Geleceğin dünyasında iki sektöre stratejik önem atfediliyor. Biri enerji, diğeri gıda. Bu iki sektörde geleceğini garanti altına alan ülkelerin geleceğin dünyasında yıldızı yükselen ekonomiler olacağı, önlemini alamayanların ise bağımlılıklarının artacağını siyasetçiler, bilim adamları, ekonomistler, aydınlar herkes ve her kurum söylüyor.

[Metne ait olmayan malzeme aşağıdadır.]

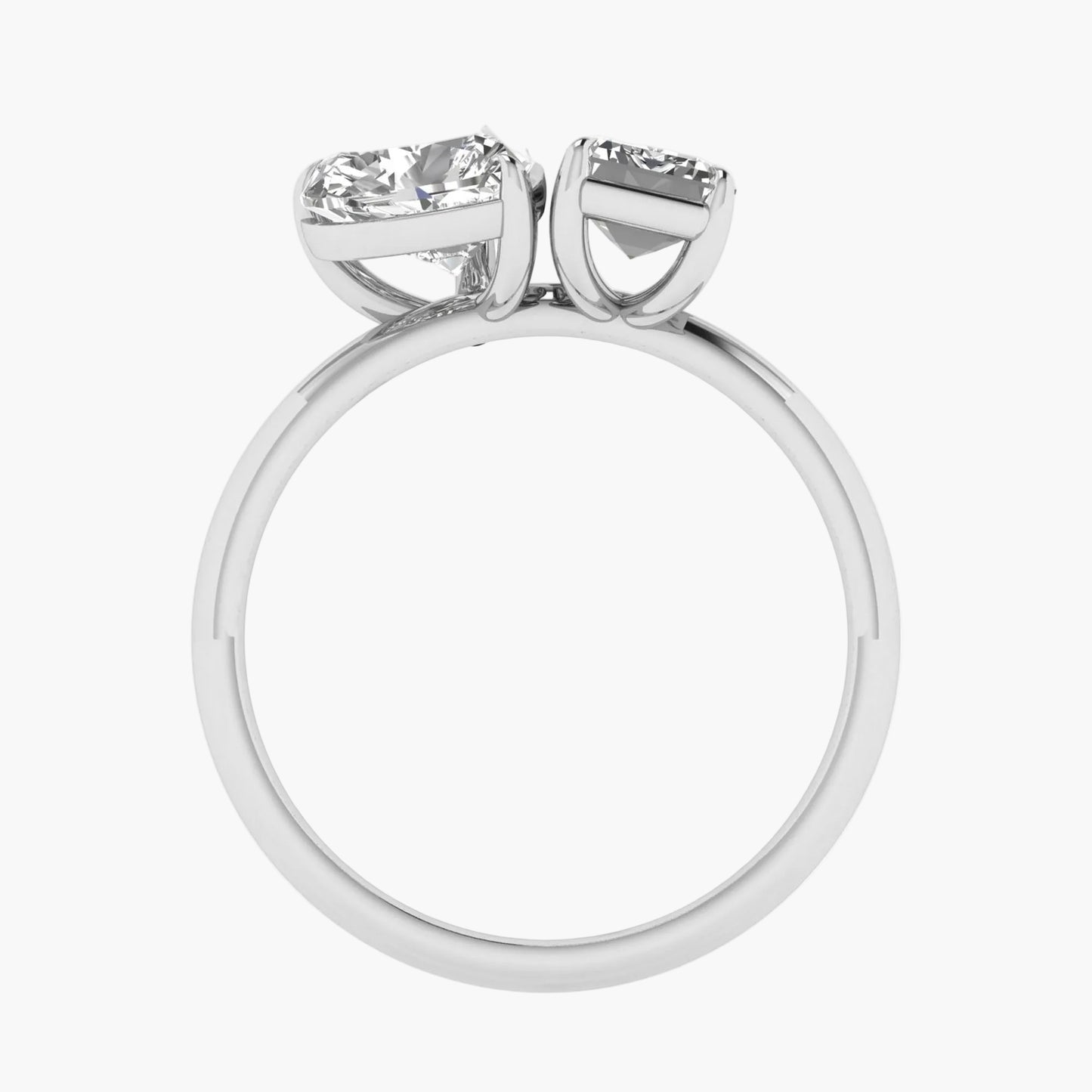 Diamond ring with two gemstones on a white background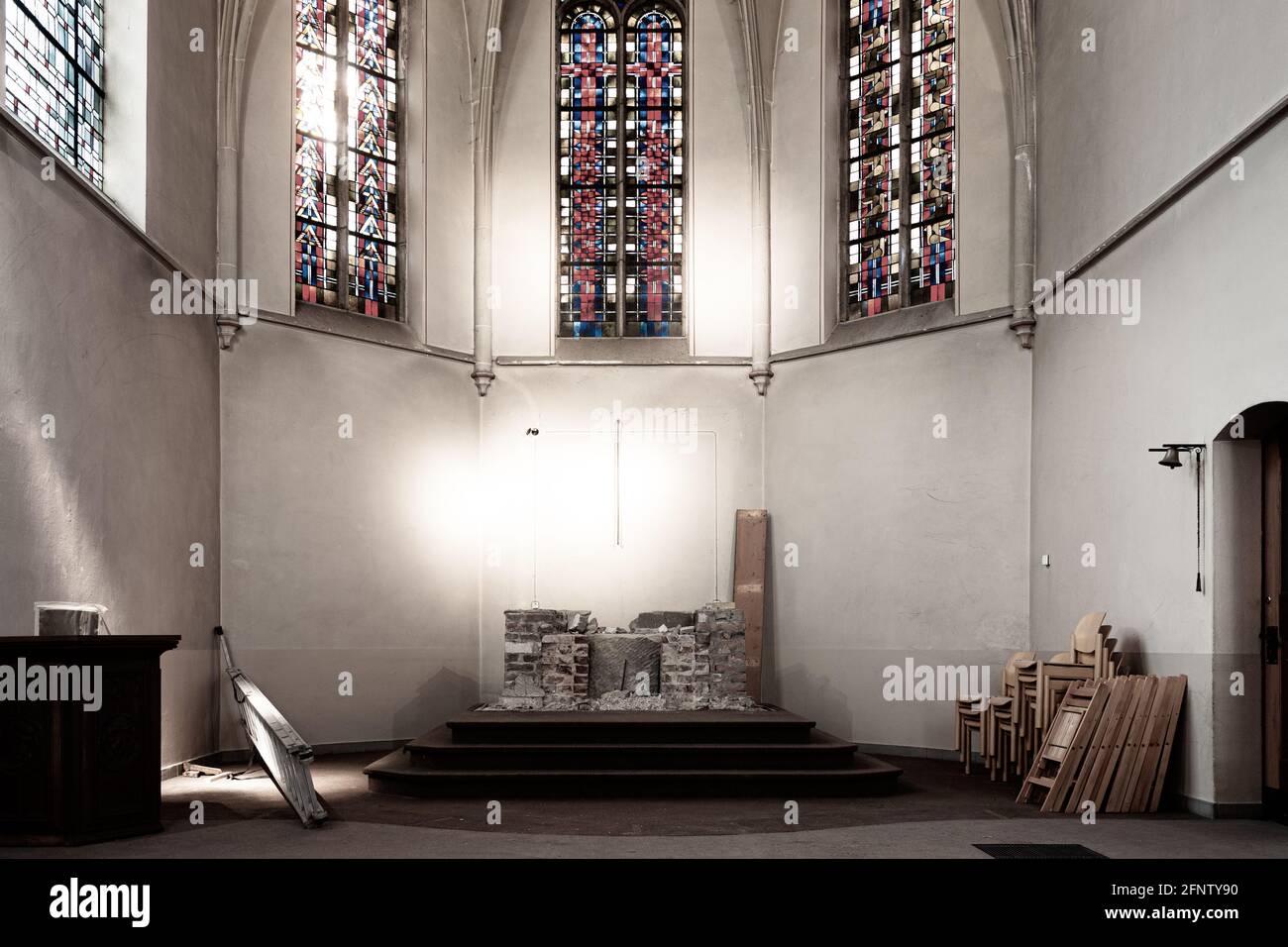 Intérieur dédié à l'église avec un autel déchiré et de hautes fenêtres colorées de l'église Banque D'Images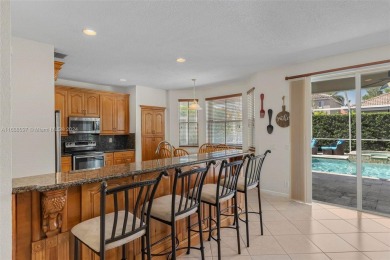 Beautiful 5/4 pool home in the A+ school district and highly on Weston Hills Country Club in Florida - for sale on GolfHomes.com, golf home, golf lot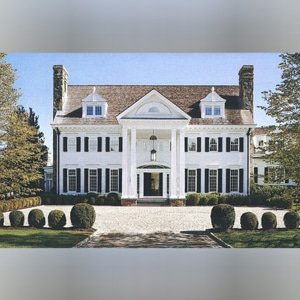 A large white house with black shutters and a driveway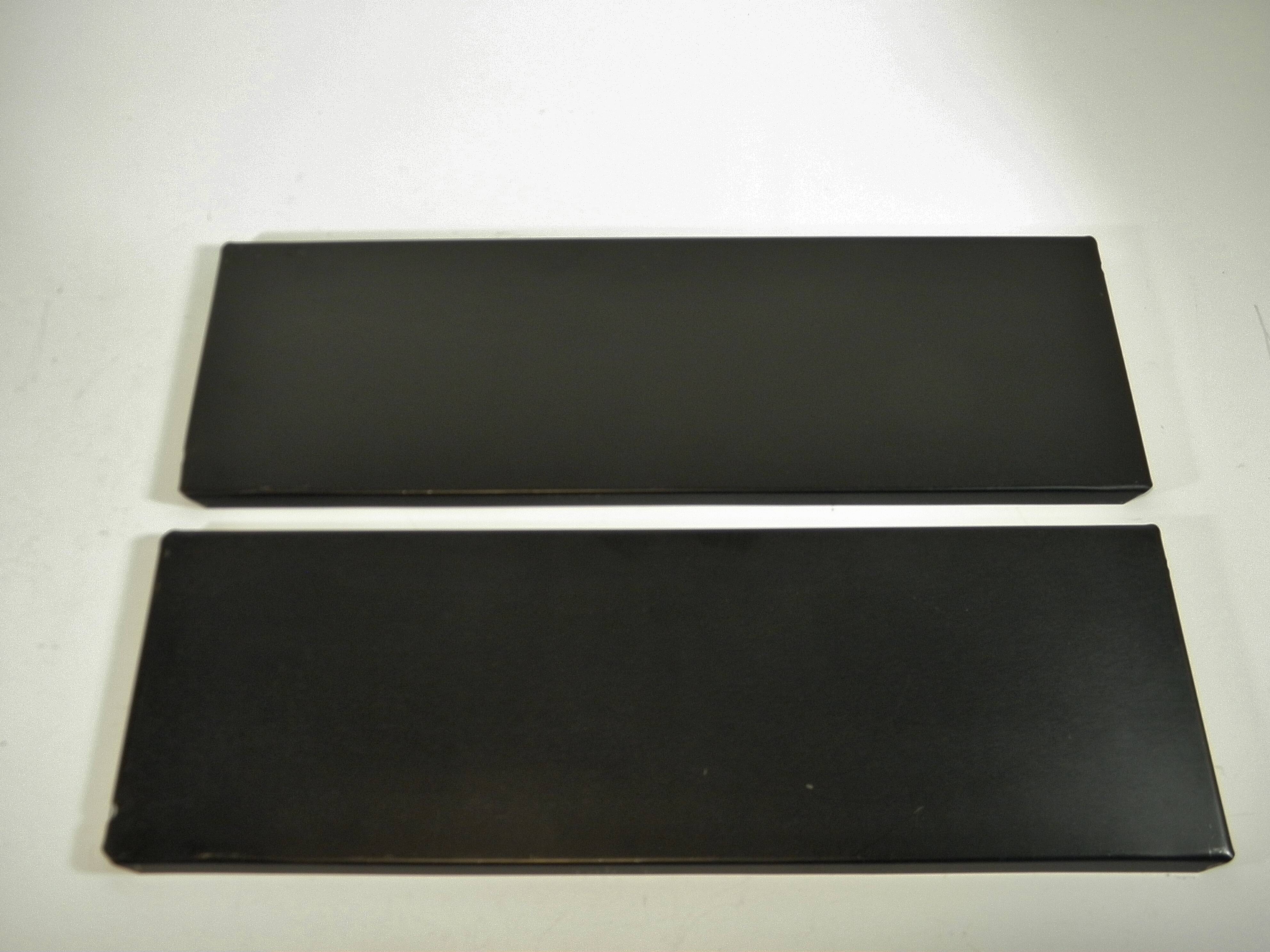 Black and gold metal wall shelf from the 1960s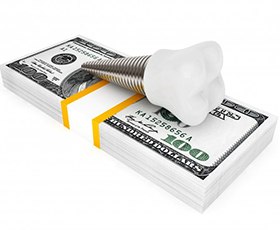 Dental implant atop stack of money symbolizing cost of dental implants in Washington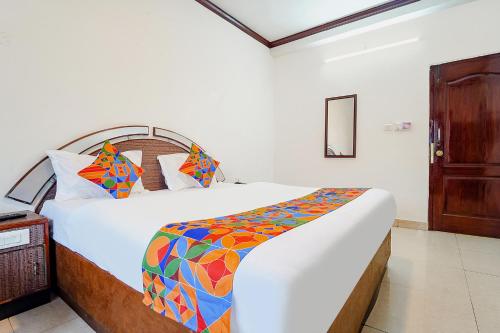 a bedroom with a bed with a colorful comforter at Hotel Orchid Inn in Ooty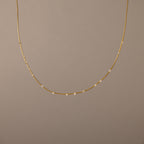 The Sprinkle Diamond Necklace in 18K Gold features a delicate chain adorned with small, evenly spaced diamonds, shown against a plain beige background.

Bu iki sektörden biri olan enerji sektöründe her geçen yıl ürettiği tarımsal hammaddeden elde edilen biyoyakıtlarla etkinliğini ve payını arttıran tarım sektörü gıda üretim zincirin ilk halkasındadır ve herkesin malumudur ki, tarımsal üretim olmadan gıda üretimi ve gıda güvenliği konuşulamaz. Arazi varlığı, iklim yapısı, sahip olduğu endemik tür zenginliği ile dünyanın tarımsal üretim için en şanslı ve Yüce Allah’ın bahşettiği en bereketli coğrafyalardan birine sahip ülkemizi geleceğin dünyasında kuvvetli, kudretli, zengin ve itibarlı konuma taşıyacak bir diğer avantajı ise bu potansiyeli harekete geçirecek kabiliyet ve nitelikte insan kaynağına sahip olmasıdır. Kâğıt üstü avantajlarınız her ne olursa olsun bunu hayata taşıyacak, o avantajlardan zenginlik üretecek olan sahip olduğunuz insan kaynağıdır ve tarımsal üretim konusunda sahip olduğumuz potansiyelden zenginlik üretecek olan da Türk çiftçisidir. Bugün kendisine atfedilmiş özel günü üreterek kutlayan Türk çiftçisi bu potansiyeli harekete geçirerek, ülkemizin geleceğini inşa edecek, ülkemizin zenginliğine zenginlik katacak, evlatlarımızın tabağındaki yemeğin miktarını ve kalitesini arttıracak, elindeki lokmaya sahip çıkacak, gıda güvenliğimizin teminatı olacak idrake sahiptir ve bunu gerçekleştirebilecek kudrettedir.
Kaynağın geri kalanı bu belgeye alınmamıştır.